You can also decide which tabs you want to include in the gray bar that lists Posts, About, and so on. The first two tabs—Posts and About—are always visible; you can’t turn them off. But if you click the Photos, Videos, or +1’s tab while editing your profile, you’ll see a “Show this tab on your profile” checkbox; turn it off to hide that particular tab from everyone, or turn it on to display the tab. (Alas, you can’t set custom visibility options for these tabs like you can with other sections of your profile—it’s all or nothing.)

All done editing? Mouse up to the red bar at the top of your profile and click “Done editing.”

If all the buttons on Google+ were as clearly labeled as the “Done editing” button, this book could be mighty short. Luckily for your humble author, the “View profile as” box in the upper right of your profile provides just the kind of mystery this book can solve.

This box lets you test out all the visibility options you set up for your profile page. Click it, and then click the “Anyone on the web” option that appears in the drop-down menu. Your profile page will re-load to show what people without any special connection to you can see. (The one exception is the red “Viewing profile as” bar that appears at the top of your profile, which no one besides you can see.)

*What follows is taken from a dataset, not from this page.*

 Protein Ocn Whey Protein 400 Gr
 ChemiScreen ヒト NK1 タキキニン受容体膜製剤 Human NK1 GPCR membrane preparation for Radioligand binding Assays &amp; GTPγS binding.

If you already have a few people in your circles, you can start typing someone’s name in the “Viewing profile as” box on the red bar, and then select their name when it appears in the drop-down list to preview what that person can see. It almost goes without saying what a good idea it is to use this feature to preview what bosses, editors, overbearing friends, and all those other question marks in your social networks can see.

If you’re comfortable with what appears in the preview, click the Done button. Otherwise, click Edit Profile to take another crack at tweaking your visibility settings. Then preview how your profile looks to various people until you’re comfortable with who can see what.

Congratulations—you’re officially on Google+! You’ll definitely want to come back and edit your profile again as you add people to your circles, start using Google+ a bit more publicly, and learn more about how the site works. For now, though, you’ve got a profile that lets your friends find you, gives strangers just enough information, and keeps your misguided attempt at Lost fan fiction from dominating the Google search results for your name.

NOTE

If you own or manage a business, brand, or organization that wants to have a presence on Google+, you can do that as long as you’ve already set up a regular Google+ account. For the low-down on setting up Pages—a new feature that lets companies and other groups connect to people on Google+—head to this book’s Missing CD page at www.missingmanuals.com/cds.

Now that you’re up and running with a Google+ account and a profile, you’ve likely got a few questions about what circles are and how they work. Luckily, circles are the subject of the next chapter.

Chapter 2. Managing Contacts with Circles


NOW THAT YOU’VE GOT YOUR PROFILE SET UP, you’re ready to explore circles, the heart of Google+. Circles are groups of contacts that you organize however you like. You can give your circles whatever names make sense to you, since the people in them can’t see these names. You probably already make circles in your head whenever you’re looking to make plans: the friends with young kids who probably aren’t free, the friends who don’t get along with each other, the friends who live in another city, the relatives who are loving and dear but almost certainly won’t fit in with your friends who obsess over True Blood.